## What to work on
Here are records with pictures in them. Copy all of them exactly and leave the pictures out.

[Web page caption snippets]
= Beginning of Section =

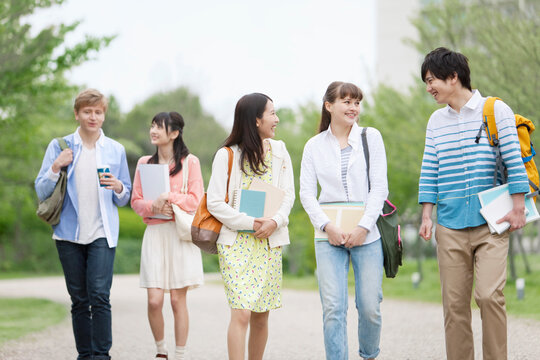 歩く大学生5人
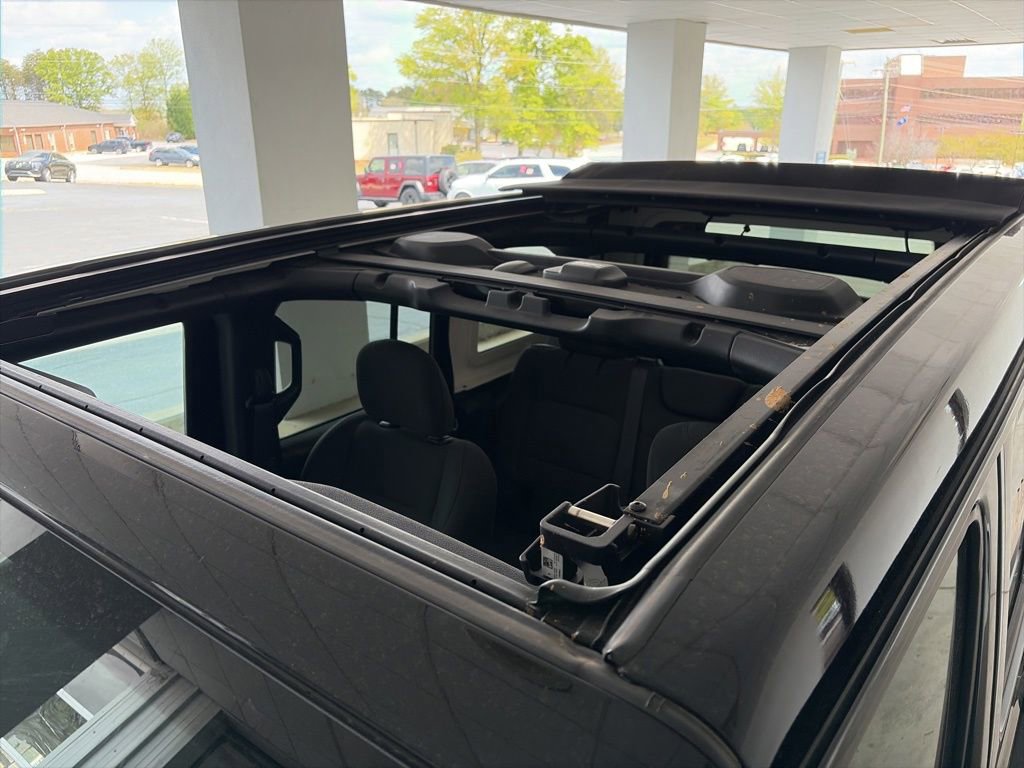 Used 2022 Jeep Wrangler Unlimited Sport image 7
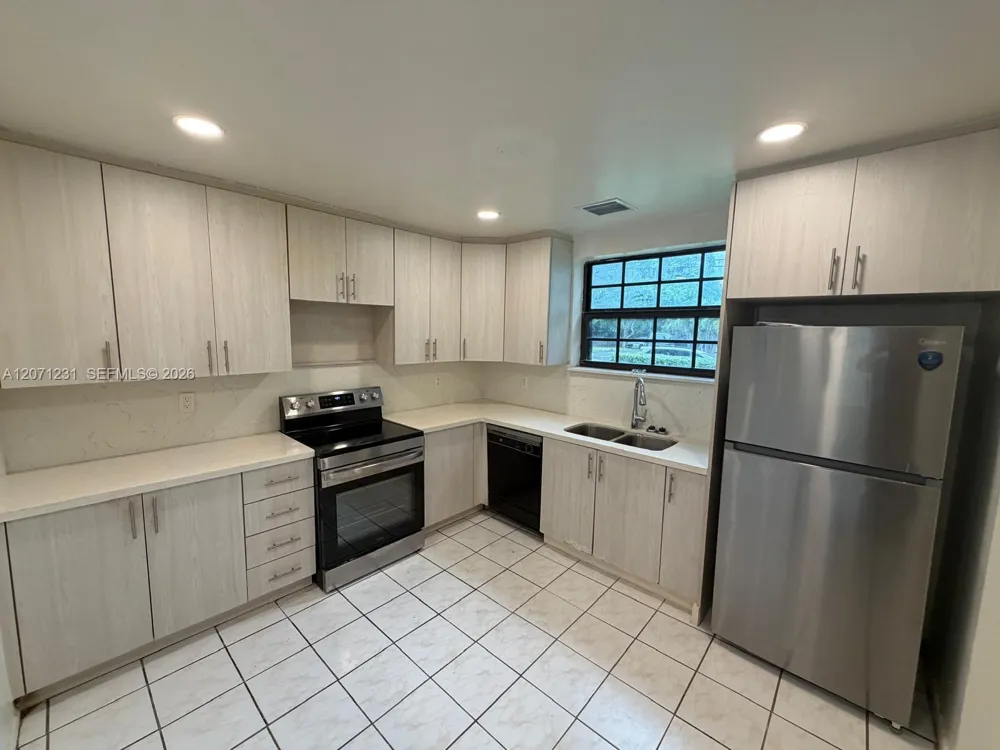 2065 NE 139th St North Miami Beach, FL 33181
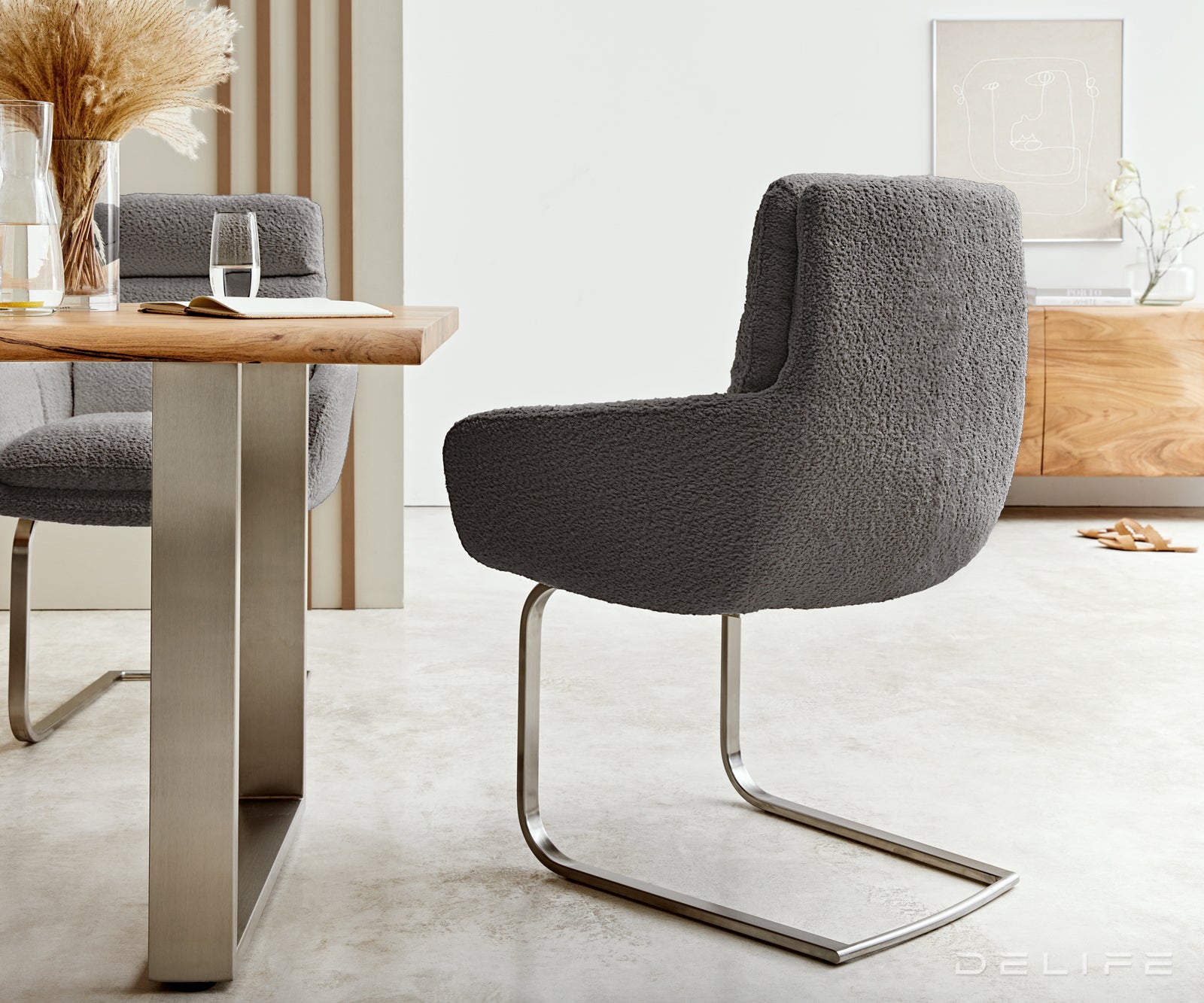 Blagovaonska stolica Abelia s rukonaslonom, Materijal: Boucle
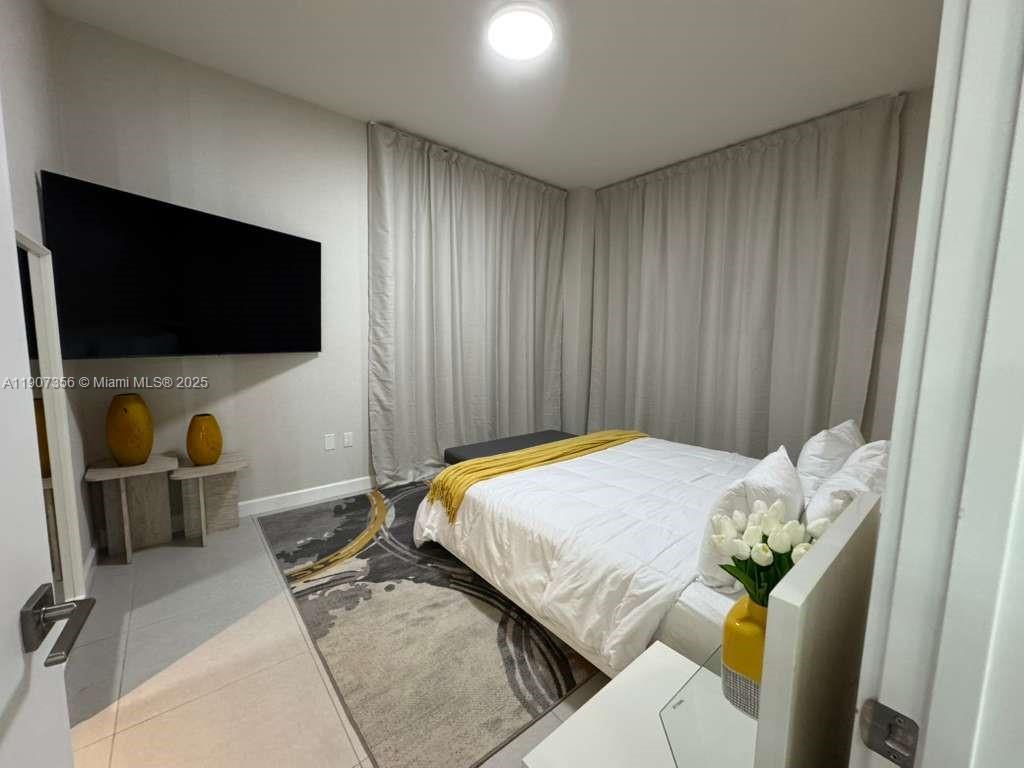 5350 PARK CONDO - Residential Lease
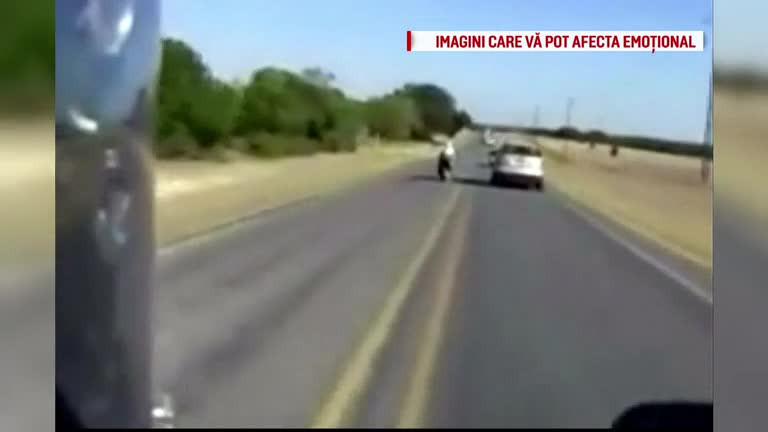 Un sofer din SUA ar fi lovit intentionat cu masina un motociclist, care voia sa il depaseasca. Momentul a fost filmat. VIDEO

= End of Section =

## Answer
 歩く大学生5人
 Used 2022 Jeep Wrangler Unlimited Sport image 7
 2065 NE 139th St North Miami Beach, FL 33181
 Blagovaonska stolica Abelia s rukonaslonom, Materijal: Boucle
 5350 PARK CONDO - Residential Lease
 Un sofer din SUA ar fi lovit intentionat cu masina un motociclist, care voia sa il depaseasca. Momentul a fost filmat. VIDEO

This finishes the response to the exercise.